Hardware riciclato e schermi minuscoli: ecco come si costruiscono 🛠️
Tecnicamente, questi dispositivi utilizzano schede come Raspberry Pi, piccoli schermi da 3 a 5 pollici e batterie al litio riciclate da vecchi telefoni. La chiave sta nel design del telaio: si sfruttano oggetti di uso quotidiano con spazio interno per nascondere l'elettronica. Alcuni integrano tastiere pieghevoli o tattili, mentre altri rinunciano alla tastiera fisica e usano solo lo schermo tattile.
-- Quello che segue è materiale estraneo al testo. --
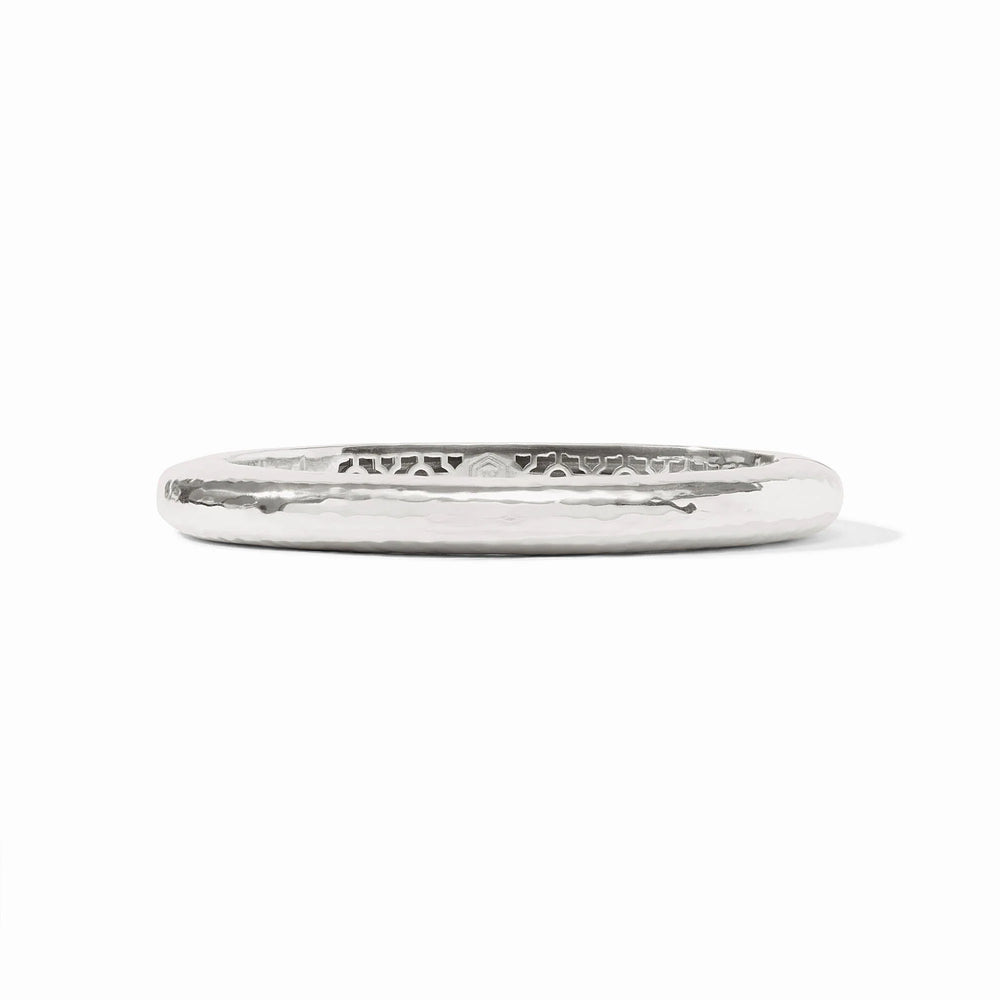 Julie Vos Catalina Hinge Bangle in silver plate — smooth hammered oval band with engraved interior detailing and Julie Vos hallmark, shown standing upright on white background.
La connessione alle reti è limitata al WiFi locale o eliminata del tutto, dando priorità alla privacy e all'autonomia.
Il peluche che ti scrive la lista della spesa 🧸
La cosa migliore è che ora puoi portare un computer dentro un orsacchiotto di peluche. Ricaricarlo, però, richiede di spiegare al tuo partner perché il giocattolo ha un cavo USB che pende dal sedere. E se qualcuno ti vede scrivere sulla pancia dell'orso, puoi fingere di fargli il solletico. L'ironia è che, per sfuggire alla sorveglianza digitale, finisci per spiegare ai tuoi amici perché porti un portagioie che suona come un ventilatore di PC.